In addition to this court's powers under Rule 11, the court also grounds its consideration of sanctions in its inherent powers. In particular, the court will consider awarding the plaintiffs their costs and attorney's fees incurred in pursuing this now-vacated judgment. Rule 11 permits the shifting of attorneys' fees only when a party has moved for sanctions. See Fed.R.Civ.P. 11(c)(1)(A). No such motion has yet been filed in this case. Nonetheless, "in narrowly defined circumstances federal courts have inherent power to assess attorney's fees against counsel, even though the so-called `American Rule' prohibits fee shifting in most cases." Chambers, 501 U.S. at 45 (quotations and citations omitted). In particular, "a court may assess attorney's fees when a party has acted in bad faith, vexatiously, wantonly, or for oppressive reasons. In this regard, if a court finds that fraud has been practiced upon it, or that the very temple of justice has been defiled, it may assess attorney's fees against the responsible party." Id. at 45-46 (quotations and citations omitted). Accordingly, the court may consider shifting attorney's fees to the Polans in this case.
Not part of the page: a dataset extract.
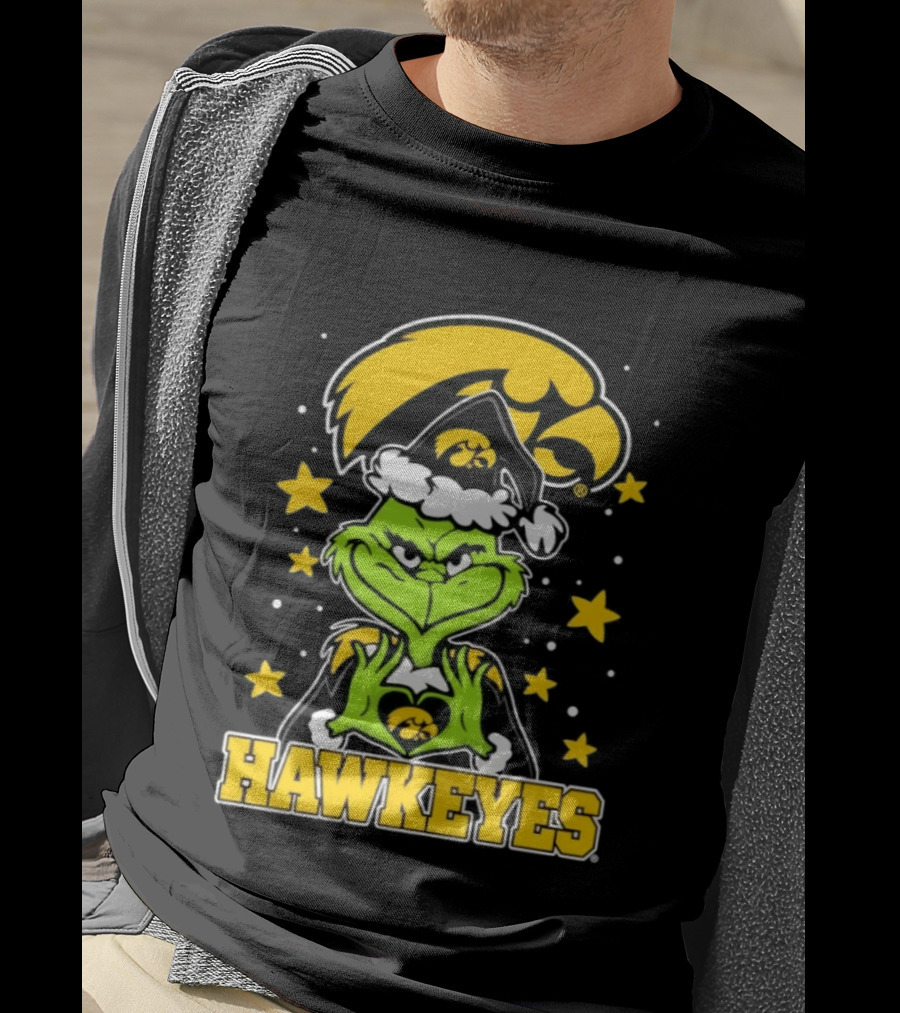 Iowa Hawkeyes Grinch Christmas NCAA Fan Gear T-Shirt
Before imposing Rule 11 sanctions sua sponte, a court must issue an order to show cause describing the specific conduct subjecting the party to sanction. Fed.R.Civ.P. 11(c)(1)(B). The court considers its order of March 7, 2002, referring this issue to a special master, as sufficient to satisfy this requirement. That order does not, however, specifically mention Rule 11 or the possible imposition of sanctions. Thus, out of an abundance of caution, the court ORDERS William and Charles Polan to show cause why they should not, for reasons explained in this memorandum opinion and order, be sanctioned. After William and Charles Polan have had an opportunity to respond to the court's order, the court will decide whether sanctions should be imposed, and if so, in what amount.
B. Scott Andrews
The special master also found that Mr. Andrews, initially counsel for Lincoln Polan and then counsel for William and Charles Polan in their purported capacity as executors of the estate, violated his duties to this court by: (1) failing to disclose to this court that Lincoln Polan had died and by filing numerous documents with the court on behalf of Lincoln Polan for months after his death; and (2) failing to inform the court that William and Charles Polan were not qualified as executors of the estate of Lincoln Polan.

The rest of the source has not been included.